**Your objective**
The lines to copy from the data below are those that hold the string "Satin".

[Short descriptive text snippets]
^^^^^^^^
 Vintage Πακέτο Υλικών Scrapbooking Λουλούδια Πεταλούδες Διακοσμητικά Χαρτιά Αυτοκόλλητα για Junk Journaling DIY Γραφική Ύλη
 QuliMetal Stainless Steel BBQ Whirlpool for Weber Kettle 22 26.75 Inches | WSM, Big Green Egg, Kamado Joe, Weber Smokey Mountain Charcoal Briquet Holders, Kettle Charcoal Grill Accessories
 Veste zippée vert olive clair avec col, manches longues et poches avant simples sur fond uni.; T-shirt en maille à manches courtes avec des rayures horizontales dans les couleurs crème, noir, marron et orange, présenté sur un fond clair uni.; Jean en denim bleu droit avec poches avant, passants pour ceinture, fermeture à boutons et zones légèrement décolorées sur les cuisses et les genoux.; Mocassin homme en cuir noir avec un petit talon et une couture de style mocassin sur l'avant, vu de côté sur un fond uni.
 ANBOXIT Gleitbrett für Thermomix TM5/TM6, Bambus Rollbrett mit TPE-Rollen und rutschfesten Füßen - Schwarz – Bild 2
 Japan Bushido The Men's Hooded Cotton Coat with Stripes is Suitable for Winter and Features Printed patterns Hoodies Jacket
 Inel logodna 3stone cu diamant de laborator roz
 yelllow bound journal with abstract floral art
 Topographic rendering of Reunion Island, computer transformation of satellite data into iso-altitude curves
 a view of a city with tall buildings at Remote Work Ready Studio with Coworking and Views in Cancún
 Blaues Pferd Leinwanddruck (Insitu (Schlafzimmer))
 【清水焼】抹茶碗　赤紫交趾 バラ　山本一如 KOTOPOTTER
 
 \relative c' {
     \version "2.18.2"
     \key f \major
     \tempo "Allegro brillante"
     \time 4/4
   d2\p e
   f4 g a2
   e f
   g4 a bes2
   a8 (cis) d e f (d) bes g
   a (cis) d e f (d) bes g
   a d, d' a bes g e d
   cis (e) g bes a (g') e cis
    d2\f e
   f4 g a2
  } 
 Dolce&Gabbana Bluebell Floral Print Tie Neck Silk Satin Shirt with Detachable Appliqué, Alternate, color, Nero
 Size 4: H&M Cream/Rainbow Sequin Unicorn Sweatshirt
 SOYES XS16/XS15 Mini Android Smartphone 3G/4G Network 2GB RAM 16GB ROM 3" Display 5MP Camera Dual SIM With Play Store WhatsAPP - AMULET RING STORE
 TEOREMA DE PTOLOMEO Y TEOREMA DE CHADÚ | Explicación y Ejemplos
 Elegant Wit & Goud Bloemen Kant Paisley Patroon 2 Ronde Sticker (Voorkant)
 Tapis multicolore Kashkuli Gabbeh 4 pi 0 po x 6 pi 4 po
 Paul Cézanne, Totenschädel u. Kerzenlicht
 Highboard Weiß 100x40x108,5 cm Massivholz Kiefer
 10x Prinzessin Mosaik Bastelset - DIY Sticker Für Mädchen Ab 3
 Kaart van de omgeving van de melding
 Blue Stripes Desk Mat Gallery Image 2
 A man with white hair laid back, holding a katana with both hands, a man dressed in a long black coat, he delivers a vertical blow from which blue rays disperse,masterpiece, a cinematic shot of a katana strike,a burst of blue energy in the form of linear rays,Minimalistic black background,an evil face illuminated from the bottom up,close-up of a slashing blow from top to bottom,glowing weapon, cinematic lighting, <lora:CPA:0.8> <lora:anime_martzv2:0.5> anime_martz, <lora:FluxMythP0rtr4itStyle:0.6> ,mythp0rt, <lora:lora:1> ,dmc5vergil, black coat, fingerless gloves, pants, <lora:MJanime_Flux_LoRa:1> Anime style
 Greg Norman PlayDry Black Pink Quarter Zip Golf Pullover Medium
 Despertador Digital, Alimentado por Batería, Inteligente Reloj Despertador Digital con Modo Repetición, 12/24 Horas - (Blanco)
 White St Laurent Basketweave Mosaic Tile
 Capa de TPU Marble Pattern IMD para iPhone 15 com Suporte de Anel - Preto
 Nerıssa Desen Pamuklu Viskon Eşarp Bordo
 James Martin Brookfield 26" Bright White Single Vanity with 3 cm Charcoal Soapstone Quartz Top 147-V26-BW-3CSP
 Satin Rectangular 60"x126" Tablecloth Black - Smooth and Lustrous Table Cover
^^^^^^^^
**Task response**
 Dolce&Gabbana Bluebell Floral Print Tie Neck Silk Satin Shirt with Detachable Appliqué, Alternate, color, Nero
 Satin Rectangular 60"x126" Tablecloth Black - Smooth and Lustrous Table Cover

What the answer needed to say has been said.